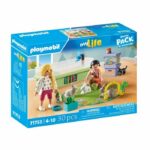 Comprar Playmobil 71753 tienda de mascotas con corral para conejos
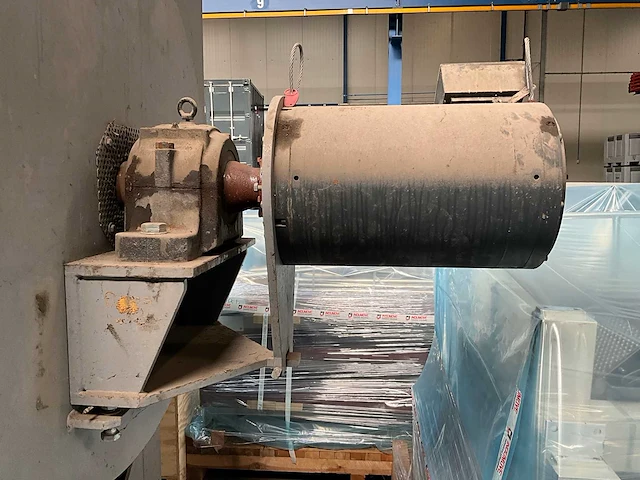 Apro mech mth 150/200 mengmolen - afbeelding 7 van  11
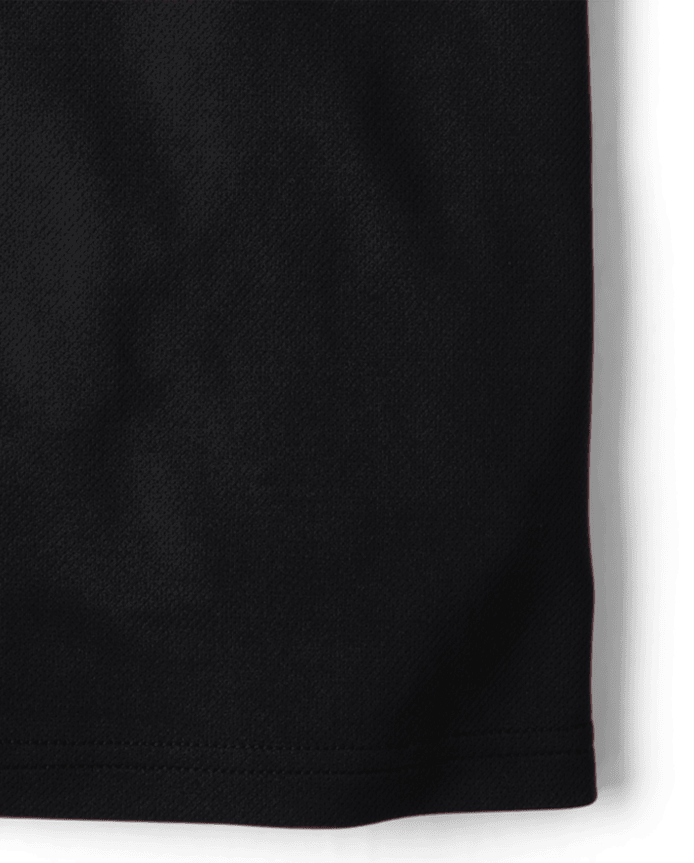 Boys Uniform Performance Polo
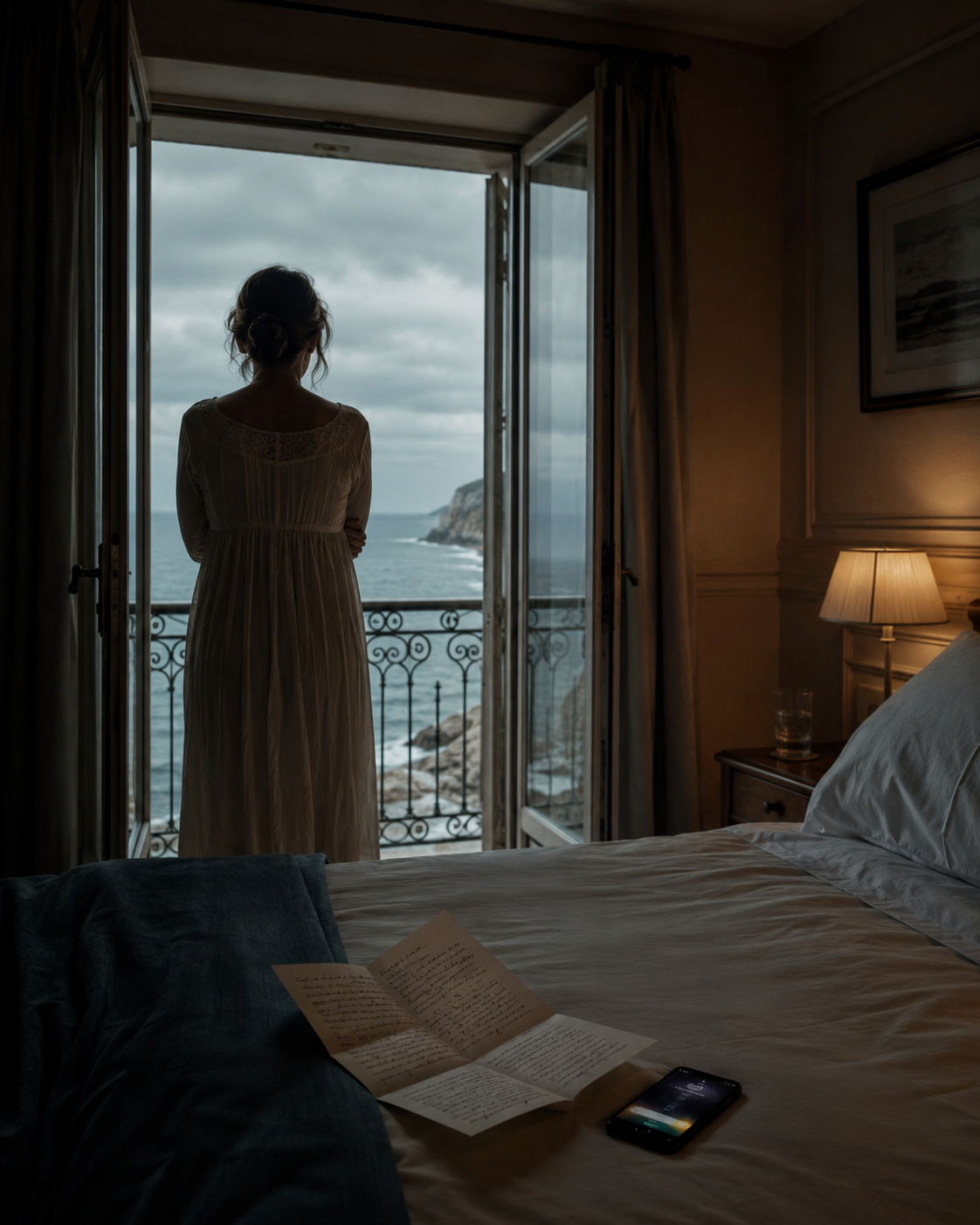 Reflexiones junto al mar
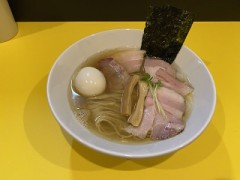 無添加スープ＆米粉麺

☆ ☆ ☆ ☆ ☆ ☆ ☆

Task objective: Your answer must be an exact copy of the lines above, from the line that contains "Boys Uniform Performance Polo" through the final line, with no pictures in it.

Output below:
 Boys Uniform Performance Polo
 Reflexiones junto al mar
 無添加スープ＆米粉麺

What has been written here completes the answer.